Summary - Project Malmö Blog

Logging the initial similarity and finalizing the Reward Handler

We still need to calculate the initial similarity between the two structures. The idea is that some portion of the player structure can be given when the mission starts as a hint, say 80%. The similarity will then be 0.8 times the structure volume.
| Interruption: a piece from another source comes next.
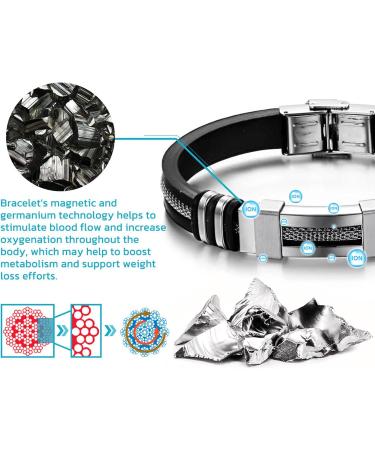 SuperTitani Germanium Lymphvity Bracelet | Lymph Drainage Magnetic Bracelet for Enhanced Blood Circulation | Black Silver Design - International Shipping Available - Buy Online on GoSupps.com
The code for calculating this, with a simple triple nested for-loop, is given below:

void logInitialSimilarity( World w ) {

    // No need to calculate the initial similarity
    if(rewardDensity == RewardDensityForBuildAndBreak.ACCUMULATED || 
       rewardDensity == RewardDensityForBuildAndBreak.MISSION_END) {

        Integer numExactMatchBlocks = 0;

        for (int x = (int) playerStructureAABB.minX; x <= playerStructureAABB.maxX; x++) {
            for (int y = (int) playerStructureAABB.minY; y <= playerStructureAABB.maxY; y++) {
                for (int z = (int) playerStructureAABB.minZ; z <= playerStructureAABB.maxZ; z++) {
                    BlockPos playerStructurePos = new BlockPos(x, y, z);
                    BlockPos goalStructurePos = playerStructurePos.add(delta);

                    if (w.getBlockState(playerStructurePos).equals(goalStructurePos))
                        numExactMatchBlocks++;
                }
            }
        }

        reward =  (float) numExactMatchBlocks / structureVolume;
        bootstrapReward = reward;
    }
}

Finally, we can write the function that returns rewards that get sent to the agent:

@Override
public void getReward(MissionInit missionInit, MultidimensionalReward multidimReward) {
    if(rewardDensity == RewardDensityForBuildAndBreak.PER_BLOCK) {
        Float f = this.reward;
        this.reward = 0.0F;
        multidimReward.add( this.dimension, f );
    }

    else if(rewardDensity == RewardDensityForBuildAndBreak.ACCUMULATED) {
        Float f = reward;
        reward = bootstrapReward;
        multidimReward.add( this.dimension, f );
    }

    else  { // rewardDensity == RewardDensityForBuildAndBreak.MISSION_END
        try {
            // Return a reward only if the QuitCode is present.
            Hashtable<String, Object> properties = MalmoMod.getPropertiesForCurrentThread();
            if (properties.containsKey("QuitCode"))
                multidimReward.add( this.dimension, this.reward );
            else
                multidimReward.add( this.dimension, 0 );
        }

        catch (Exception e)
        {
            System.out.print("Caught exception getting properties while searching for QuitCode!");
            // FMLCommonHandler.instance().exitJava(-1, false);
            // Note: The above commented line of code is a simple way to quit Minecraft on errors. 
            // For the purposes of this caught exception, notifying the user with 
            // a print output suffices.
        }
    }
}

Conclusion

Hopefully everything worked all right and you enjoyed constructing the build battle task. Please do take a look at and review the resources provided as necessary. Other than that, what's left is now arguably the more fun part: to create missions using the Reward Handler we have added to the Mod and to create AI agents that can solve it. For the former, the sample missions provided will help, but it essentially boils down to writing some XML. As for the latter, it's really an open question! Some instances of the build battle task we have defined here are easy (say small open 2-dimensional structures.) In general, this task is somewhat easy for humans (try it yourself by entering into Human mode with the Enter key once you have started a mission.) However, it is not so easy and tractable for current AI and reinforcement learning agents! The idea of the platform is indeed this, to be able to create tasks with a broad spectrum of difficulties and by working at it's forefront, advance the state of AI.